Dear Abby: I would like to comment on the letter from "Wary in the West" (Aug. 10), the young girl who is apprehensive about having to room with her sister to accommodate a new exchange student the family is hosting.
My family has hosted several kids from Northern Ireland, and two years ago we hosted a young man from Brazil. He is now my best friend, and I will be going to Brazil for a month this winter.
Although I didn't have to give up my room, I felt the pressure of sharing a bathroom with my parents. But I wouldn't give up my experience for anything. "Wary" needs to be open and kind. It can be surprising how much exchange students already know about the United States and the world. Many of them also speak English well before they arrive and just need to practice it. "Wary" will come to regard her visitor as family and have the time of her life! — Marina in Pennsylvania
Dear Marina: Thank you for sharing your experiences. Hosting a foreign exchange student can be a rewarding adventure — as long as the logistics are worked out in advance. This is a program with great worth and appeal in our modern, diverse, "global" world, as the following readers attest:
Dear Abby: I, too, was forced to compromise when an exchange student came to stay.
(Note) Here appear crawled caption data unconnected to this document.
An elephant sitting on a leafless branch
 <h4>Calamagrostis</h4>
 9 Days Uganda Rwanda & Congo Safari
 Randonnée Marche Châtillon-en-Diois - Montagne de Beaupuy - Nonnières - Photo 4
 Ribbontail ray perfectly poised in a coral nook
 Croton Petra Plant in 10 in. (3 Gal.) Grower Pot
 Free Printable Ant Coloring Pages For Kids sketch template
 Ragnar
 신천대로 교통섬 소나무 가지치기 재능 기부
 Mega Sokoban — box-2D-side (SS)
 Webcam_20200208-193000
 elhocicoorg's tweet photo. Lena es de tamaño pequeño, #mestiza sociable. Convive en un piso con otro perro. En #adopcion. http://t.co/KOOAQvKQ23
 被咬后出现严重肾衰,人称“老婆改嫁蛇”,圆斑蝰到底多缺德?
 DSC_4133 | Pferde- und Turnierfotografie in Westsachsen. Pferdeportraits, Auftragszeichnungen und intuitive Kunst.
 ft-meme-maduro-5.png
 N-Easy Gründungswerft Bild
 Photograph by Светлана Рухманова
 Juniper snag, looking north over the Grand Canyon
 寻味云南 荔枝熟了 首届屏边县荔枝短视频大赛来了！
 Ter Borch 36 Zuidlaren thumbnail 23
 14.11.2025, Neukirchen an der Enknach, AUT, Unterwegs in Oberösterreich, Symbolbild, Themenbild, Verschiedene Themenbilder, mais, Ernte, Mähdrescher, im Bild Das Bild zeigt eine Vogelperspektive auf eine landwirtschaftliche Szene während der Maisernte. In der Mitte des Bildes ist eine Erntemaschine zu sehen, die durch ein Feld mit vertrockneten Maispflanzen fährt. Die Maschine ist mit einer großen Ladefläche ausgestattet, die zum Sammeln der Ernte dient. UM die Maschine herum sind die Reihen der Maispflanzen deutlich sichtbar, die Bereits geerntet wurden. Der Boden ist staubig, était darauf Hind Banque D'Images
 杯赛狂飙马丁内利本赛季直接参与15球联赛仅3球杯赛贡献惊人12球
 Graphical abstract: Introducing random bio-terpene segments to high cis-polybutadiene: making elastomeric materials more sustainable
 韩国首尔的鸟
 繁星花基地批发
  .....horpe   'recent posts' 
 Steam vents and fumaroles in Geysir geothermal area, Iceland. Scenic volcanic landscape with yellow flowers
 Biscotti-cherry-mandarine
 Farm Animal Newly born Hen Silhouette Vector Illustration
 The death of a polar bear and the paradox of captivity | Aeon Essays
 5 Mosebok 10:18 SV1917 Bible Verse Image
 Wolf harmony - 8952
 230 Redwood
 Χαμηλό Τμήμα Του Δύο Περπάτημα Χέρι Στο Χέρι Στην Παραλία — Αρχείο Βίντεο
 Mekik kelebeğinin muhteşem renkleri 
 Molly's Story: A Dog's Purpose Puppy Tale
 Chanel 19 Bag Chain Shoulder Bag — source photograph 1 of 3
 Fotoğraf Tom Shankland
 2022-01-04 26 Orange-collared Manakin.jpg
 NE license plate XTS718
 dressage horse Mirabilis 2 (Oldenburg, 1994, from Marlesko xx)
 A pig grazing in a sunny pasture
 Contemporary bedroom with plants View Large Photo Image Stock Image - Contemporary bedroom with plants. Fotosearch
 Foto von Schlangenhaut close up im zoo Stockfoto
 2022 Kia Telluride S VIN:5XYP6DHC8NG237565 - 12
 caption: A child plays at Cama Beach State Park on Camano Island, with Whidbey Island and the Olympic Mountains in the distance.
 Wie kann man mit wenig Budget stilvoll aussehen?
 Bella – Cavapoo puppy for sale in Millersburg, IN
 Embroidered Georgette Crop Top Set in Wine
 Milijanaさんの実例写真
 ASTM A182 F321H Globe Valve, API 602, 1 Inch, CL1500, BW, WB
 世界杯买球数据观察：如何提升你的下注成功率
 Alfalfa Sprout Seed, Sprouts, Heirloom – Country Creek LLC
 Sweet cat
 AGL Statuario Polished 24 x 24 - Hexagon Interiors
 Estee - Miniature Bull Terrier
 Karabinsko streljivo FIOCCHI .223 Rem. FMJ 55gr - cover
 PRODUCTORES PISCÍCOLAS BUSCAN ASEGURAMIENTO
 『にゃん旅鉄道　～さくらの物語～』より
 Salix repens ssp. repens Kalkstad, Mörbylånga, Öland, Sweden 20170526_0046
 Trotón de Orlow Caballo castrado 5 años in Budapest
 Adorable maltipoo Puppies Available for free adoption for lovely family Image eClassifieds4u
Because we did not have an extra bedroom, I had to trade with my brother and share with "Helga." Yes, the year was trying at times — she and I were very different, but the result of her stay has been a 25-year friendship. Our families are very close, and we go back and forth to Norway often. She and her children also come here.
"Wary" may be surprised with the result of hosting an exchange student. If she is open-minded, a whole new world will reveal itself to her. I know I never would have guessed that Norway would someday feel like my second home. — Thankful in Edgewater, N.J.
Dear Abby: During the summer of 1975, while I was home from college, my parents hosted two boys from Japan. When I returned to school for my senior year, I looked for elective courses to round out my schedule and noticed classes in Japanese language, history and literature. I signed up for all three. (I had been fascinated by the handwriting of the two students and wanted to learn it.)
While I was practicing in the language lab, I met a female student from Japan who was studying Spanish, as I had previously done. We agreed to tutor each other, which led to dating, which eventually led to marriage and two wonderful sons. During the summer we celebrated our 28th anniversary. — Jeff in San Jose, Calif.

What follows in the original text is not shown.